Goldman Sachs CEO: "We Participated In Things That Were Clearly Wrong"
Goldman Sachs is not exactly a darling in the eyes of the public right now.
Many people feel as though Goldman Sachs is a company with no conscience that was partially responsible for the near-collapse of the US (and global) economy.
Many people feel as though Goldman Sachs gamed the system during the 2008 meltdown, using their widespread contacts in Washington to secure a multi-billion dollar bailout of AIG that helped to make Goldman Sachs whole.
Many people are outraged that Goldman Sachs will pay out about $20 billion dollars in compensation expenses in 2009, despite being just a year removed from accepting $10 billion dollars as part of the Troubled Asset Relief Program.
It's tough to argue with any of these points. As a matter of fact, it's impossible to argue any of these points.
Lloyd Blankfein, Chairman and CEO of Goldman Sachs, says that the company's reputation is "very important to us."
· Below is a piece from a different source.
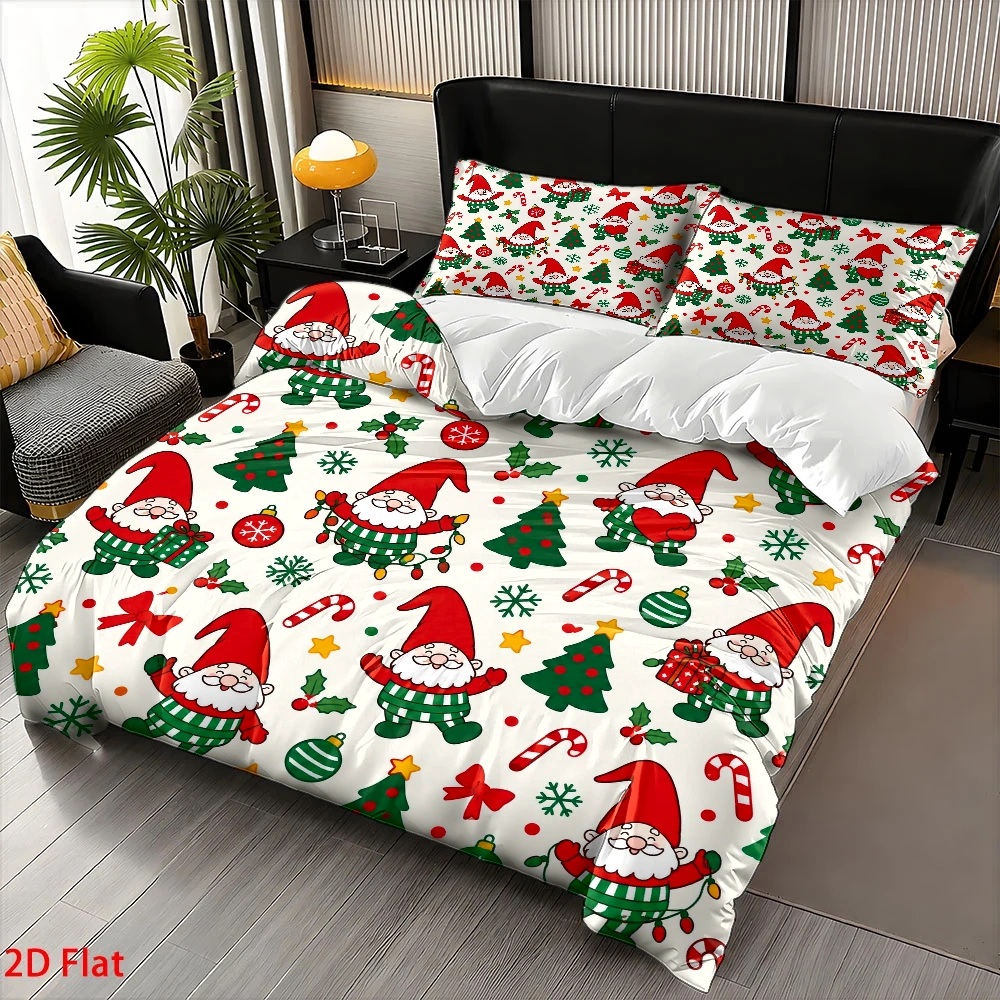 Christmas Gnome Christmas Tree - огляд і ціна Duvet Cover Sets With Zipper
While the company is not very popular at all right now (understatement of the century), Goldman Sachs is looking to at least blunt some of the criticism that is being directed at the company.
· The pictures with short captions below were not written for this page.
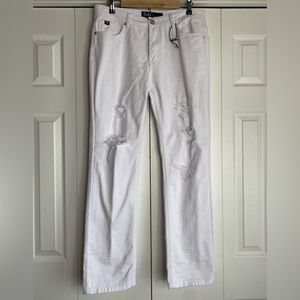 Men's Switch Remarkable Slim Straight Jeans White Distressed 100% Cotton 34x32
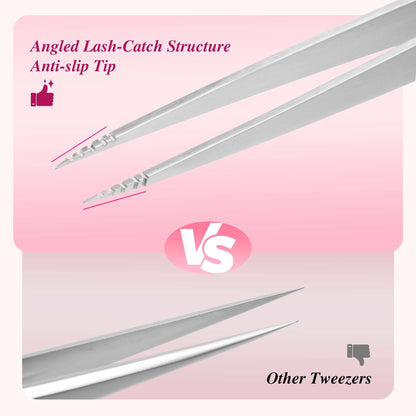 JP‑Artisan Slash Tweezer Tweezers VEYELASH 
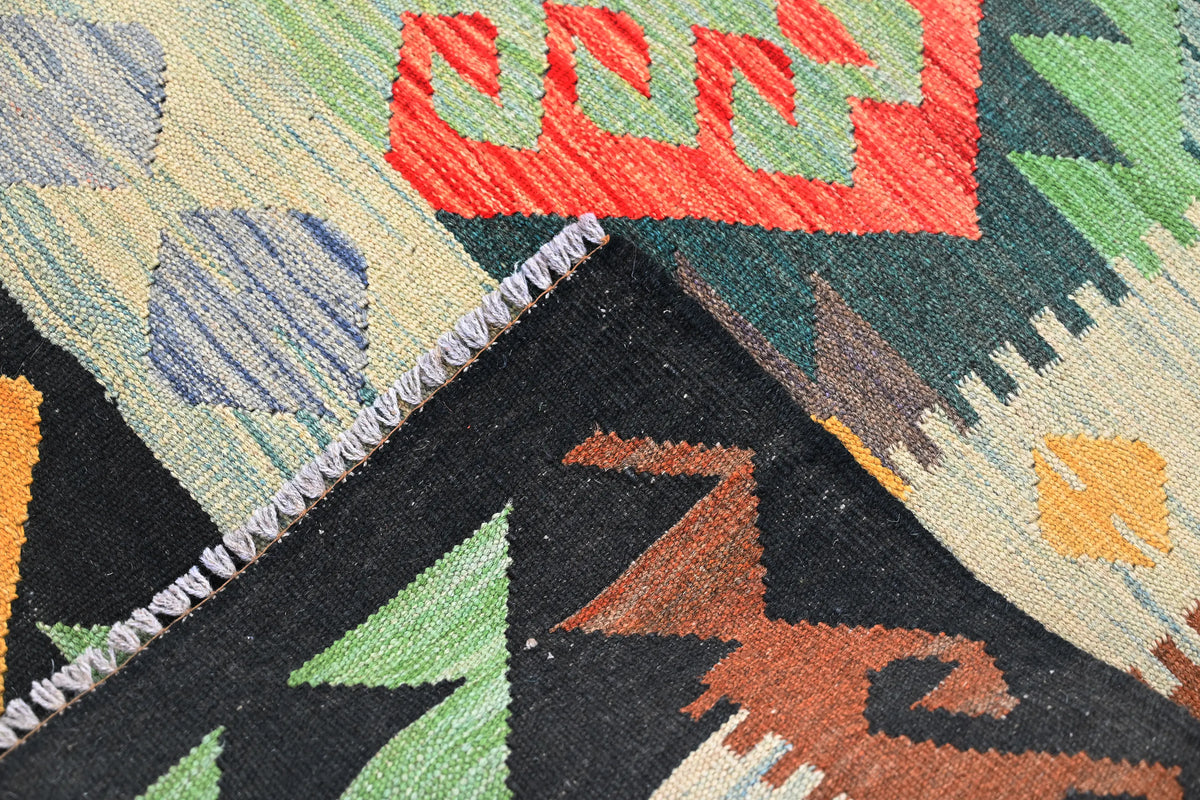 Maimana Kilim Afghan Rug – Earthy Horizon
How are they looking to do this?
To start, apparently Goldman Sachs (along with Warren Buffett) will be providing aid to small businesses in an effort to "blunt pay backlash".
If this isn't enough, Goldman Sachs has something else for you - an apology.
Blankfein, at a recent conference in New York, said that "we participated in things that were clearly wrong" (referring to the firm's role in some of the activities that led to the financial crisis), and that "we apologize".
Does this apology make you feel any better? I mean, if you are reading this article, then there is a good chance that you are American, which means that you directly contributed to the bailout of AIG, which means that you directly contributed to the bailout of Goldman Sachs.
Does this apology make you feel any better about the fact that Goldman Sachs is going to pay out $20 billion+ in compensation when the national unemployment rate is over 10%?
Does this apology make you feel any better about the fact that Goldman Sachs has not changed its ways one bit, despite the fact that the company was nearly incinerated during the height of the financial meltdown?
Maybe it's just me, but the words from Blankfein seem just a bit hollow.